Past this slaughter marched the Dwarves, and though the sight sickened many, still this was the foe. Even so, there was no honor in the manner of their death; it was not as if these Men had met an enemy in honest battle; instead, they had been cruelly slain by a monster, and in this, the Châkka felt that the warrior codex had not been served. Enemy or not, a warrior deserves to fight the good fight, and if slain, then so be it. Or so say the Châkka.
Dokan led the delvers to the base of the great heap. It was even more massive than he had expected. Slowly the Châkka walked about the foot of the ramp, each assessing the enormous labor that it would take to clear away the blockage. At last the Minemaster called a runner unto him, and in short, terse sentences said what message he would have borne back to DelfLord Baran. And when the runner sped away, Dokan began giving orders to the remaining crew.
Sandy-haired Dorni, apprentice delver, sped toward the secret Châkka door, the Minemaster’s message committed to memory. Past the slain Harlingar he ran, and across the open slope, running alongside the stone bluff to his left. At last the young Dwarf arrived at the great boulder and slipped into the shallow crevice behind. Quickly his hands found the hidden lever. And just as the stone slab swung inward-
— RRRRAAAWWWW! A deafening roar shook the vale and massive leathery wings whelmed blasts of wind downward, and flame spewed upon the delvers at the face of the stone heap as Black Kalgalath thundered down through the dawn and fell upon the Châkka.

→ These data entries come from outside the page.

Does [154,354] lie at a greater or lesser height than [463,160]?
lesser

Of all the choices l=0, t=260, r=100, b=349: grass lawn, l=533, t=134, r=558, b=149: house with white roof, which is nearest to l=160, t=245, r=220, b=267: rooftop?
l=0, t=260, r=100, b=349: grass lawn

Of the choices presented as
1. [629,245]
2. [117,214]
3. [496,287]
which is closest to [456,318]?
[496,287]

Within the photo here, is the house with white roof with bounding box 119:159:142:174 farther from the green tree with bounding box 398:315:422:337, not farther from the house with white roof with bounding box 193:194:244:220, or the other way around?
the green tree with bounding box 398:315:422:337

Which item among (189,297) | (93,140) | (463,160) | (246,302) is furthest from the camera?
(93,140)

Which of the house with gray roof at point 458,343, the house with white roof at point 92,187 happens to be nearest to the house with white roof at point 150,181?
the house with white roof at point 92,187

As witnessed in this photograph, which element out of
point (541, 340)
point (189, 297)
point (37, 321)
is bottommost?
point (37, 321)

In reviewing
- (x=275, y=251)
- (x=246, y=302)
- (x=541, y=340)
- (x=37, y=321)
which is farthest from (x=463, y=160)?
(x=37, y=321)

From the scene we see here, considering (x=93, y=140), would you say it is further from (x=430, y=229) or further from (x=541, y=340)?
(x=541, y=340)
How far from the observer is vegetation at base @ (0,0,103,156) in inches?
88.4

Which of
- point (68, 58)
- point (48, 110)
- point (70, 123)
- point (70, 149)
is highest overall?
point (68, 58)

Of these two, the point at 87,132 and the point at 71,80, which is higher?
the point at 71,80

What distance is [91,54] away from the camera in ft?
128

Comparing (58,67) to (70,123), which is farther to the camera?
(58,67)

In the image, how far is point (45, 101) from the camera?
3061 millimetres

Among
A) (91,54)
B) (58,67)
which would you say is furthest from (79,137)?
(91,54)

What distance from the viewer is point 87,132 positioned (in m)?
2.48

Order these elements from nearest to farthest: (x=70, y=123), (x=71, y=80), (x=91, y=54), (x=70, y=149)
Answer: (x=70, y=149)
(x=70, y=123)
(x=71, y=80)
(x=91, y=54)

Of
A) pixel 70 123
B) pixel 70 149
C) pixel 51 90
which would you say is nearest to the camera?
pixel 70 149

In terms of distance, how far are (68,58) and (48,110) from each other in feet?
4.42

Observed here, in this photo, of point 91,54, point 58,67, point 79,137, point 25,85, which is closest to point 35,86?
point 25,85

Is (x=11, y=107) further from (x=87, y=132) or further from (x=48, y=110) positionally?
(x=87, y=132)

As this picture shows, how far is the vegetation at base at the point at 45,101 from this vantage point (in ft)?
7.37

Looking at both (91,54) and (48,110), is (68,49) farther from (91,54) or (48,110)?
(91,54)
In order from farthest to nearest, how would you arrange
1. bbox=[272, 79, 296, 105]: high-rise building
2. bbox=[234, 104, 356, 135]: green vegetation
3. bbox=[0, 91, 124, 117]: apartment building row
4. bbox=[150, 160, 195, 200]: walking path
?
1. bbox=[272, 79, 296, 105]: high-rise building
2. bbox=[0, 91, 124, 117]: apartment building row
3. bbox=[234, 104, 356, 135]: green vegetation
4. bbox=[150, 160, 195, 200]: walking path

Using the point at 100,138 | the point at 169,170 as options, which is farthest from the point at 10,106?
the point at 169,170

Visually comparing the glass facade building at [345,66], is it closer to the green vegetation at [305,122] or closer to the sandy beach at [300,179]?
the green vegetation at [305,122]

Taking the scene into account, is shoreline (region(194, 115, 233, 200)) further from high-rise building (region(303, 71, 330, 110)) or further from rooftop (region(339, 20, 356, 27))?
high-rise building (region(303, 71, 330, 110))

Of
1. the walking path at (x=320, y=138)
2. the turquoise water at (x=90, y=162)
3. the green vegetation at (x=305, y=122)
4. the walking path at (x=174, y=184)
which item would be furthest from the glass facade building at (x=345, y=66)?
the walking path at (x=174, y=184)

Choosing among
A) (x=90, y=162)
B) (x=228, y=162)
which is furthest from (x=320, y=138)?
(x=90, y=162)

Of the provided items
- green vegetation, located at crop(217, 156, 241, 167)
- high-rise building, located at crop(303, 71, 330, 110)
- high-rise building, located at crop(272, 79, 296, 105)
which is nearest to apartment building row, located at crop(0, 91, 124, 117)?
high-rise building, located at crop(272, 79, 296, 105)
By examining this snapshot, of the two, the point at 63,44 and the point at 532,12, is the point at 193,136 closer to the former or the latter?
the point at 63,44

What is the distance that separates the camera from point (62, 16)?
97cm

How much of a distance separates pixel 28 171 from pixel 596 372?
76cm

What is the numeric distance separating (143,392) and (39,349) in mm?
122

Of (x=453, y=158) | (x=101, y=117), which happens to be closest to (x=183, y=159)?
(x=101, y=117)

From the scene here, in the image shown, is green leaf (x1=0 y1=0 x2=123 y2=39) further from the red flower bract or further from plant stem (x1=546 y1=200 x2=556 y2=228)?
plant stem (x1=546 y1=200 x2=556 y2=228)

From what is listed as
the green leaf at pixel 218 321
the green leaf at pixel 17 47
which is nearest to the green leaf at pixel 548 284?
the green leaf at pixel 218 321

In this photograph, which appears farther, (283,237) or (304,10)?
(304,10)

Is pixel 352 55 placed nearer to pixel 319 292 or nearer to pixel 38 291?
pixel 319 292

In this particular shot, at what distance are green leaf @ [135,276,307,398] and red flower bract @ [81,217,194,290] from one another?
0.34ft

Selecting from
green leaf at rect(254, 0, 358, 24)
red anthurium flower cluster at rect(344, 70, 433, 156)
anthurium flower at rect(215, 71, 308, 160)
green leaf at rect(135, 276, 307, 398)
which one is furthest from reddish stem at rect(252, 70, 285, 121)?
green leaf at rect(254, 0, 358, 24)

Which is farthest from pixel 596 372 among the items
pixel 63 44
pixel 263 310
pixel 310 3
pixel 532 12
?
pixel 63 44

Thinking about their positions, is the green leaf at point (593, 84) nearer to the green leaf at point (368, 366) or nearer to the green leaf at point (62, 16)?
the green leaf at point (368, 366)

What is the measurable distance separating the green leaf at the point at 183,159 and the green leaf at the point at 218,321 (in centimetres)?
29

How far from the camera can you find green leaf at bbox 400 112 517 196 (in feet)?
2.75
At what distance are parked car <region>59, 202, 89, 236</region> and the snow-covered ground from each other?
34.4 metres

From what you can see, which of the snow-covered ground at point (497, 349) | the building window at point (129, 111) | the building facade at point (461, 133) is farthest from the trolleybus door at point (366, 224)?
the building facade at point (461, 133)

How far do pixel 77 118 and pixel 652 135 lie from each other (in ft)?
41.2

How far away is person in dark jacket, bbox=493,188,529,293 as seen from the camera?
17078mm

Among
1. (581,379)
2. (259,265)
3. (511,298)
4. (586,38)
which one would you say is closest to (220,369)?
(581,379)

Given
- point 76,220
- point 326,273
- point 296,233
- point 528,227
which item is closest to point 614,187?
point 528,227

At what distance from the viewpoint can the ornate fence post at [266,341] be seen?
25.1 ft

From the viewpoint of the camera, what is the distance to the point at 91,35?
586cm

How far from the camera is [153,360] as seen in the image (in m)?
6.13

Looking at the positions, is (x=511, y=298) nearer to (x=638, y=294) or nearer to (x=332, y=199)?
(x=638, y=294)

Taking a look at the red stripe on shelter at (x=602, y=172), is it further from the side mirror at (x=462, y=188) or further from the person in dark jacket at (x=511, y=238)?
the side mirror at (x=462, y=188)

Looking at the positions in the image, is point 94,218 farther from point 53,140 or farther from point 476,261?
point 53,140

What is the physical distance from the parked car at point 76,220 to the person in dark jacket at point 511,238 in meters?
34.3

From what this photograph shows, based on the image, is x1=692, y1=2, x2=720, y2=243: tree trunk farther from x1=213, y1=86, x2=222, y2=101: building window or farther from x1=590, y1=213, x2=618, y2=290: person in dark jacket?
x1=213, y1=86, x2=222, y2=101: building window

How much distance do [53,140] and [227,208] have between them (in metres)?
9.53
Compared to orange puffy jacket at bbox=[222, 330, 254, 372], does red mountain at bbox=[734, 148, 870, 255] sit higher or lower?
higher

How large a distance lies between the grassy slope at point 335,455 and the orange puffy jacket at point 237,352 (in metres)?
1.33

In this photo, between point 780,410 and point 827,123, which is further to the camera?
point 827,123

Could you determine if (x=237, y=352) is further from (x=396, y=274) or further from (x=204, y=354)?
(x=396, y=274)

And young Dorni, his eardrums ruptured, his nostrils bleeding, turned and fled through the secret door and into Kachar, the Minemaster’s message to DelfLord Baran utterly forgotten.
Baran sat brooding upon his throne, Thork at his side. Before the dais stood Bolk, his eyes smoldering. “These sneering Riders are at it again, DelfLord: name-calling, accusing.”
Thork clenched a fist, hammering it into open palm. “Kruk!” The oath rang upon the stone of the chamber. “Did I not say that we had clutched a serpent to our bosom?”
“Think you that I know not the viperous nature of these braggarts?” gritted Baran. “Did I not lead the negotiating team into their deceitful midst? Am I not the lone survivor of their treachery?
“Even so, much as you or I or Captain Bolk or any mislike it, they are here under our protection: they asked for sanctuary, and by Elwydd, I gave it!”
“Sanctuary or no,” responded Bolk, “I cannot pledge that my warriors will not take matters into their own hands, for even sanctuary itself cannot revoke an insult to Châkka honor. Under our protection, aye, that they are, but that does not set them free from an honorable code of conduct.”
“Bolk-” seethed Baran, crashing the butt of a fist against the arm of the chair.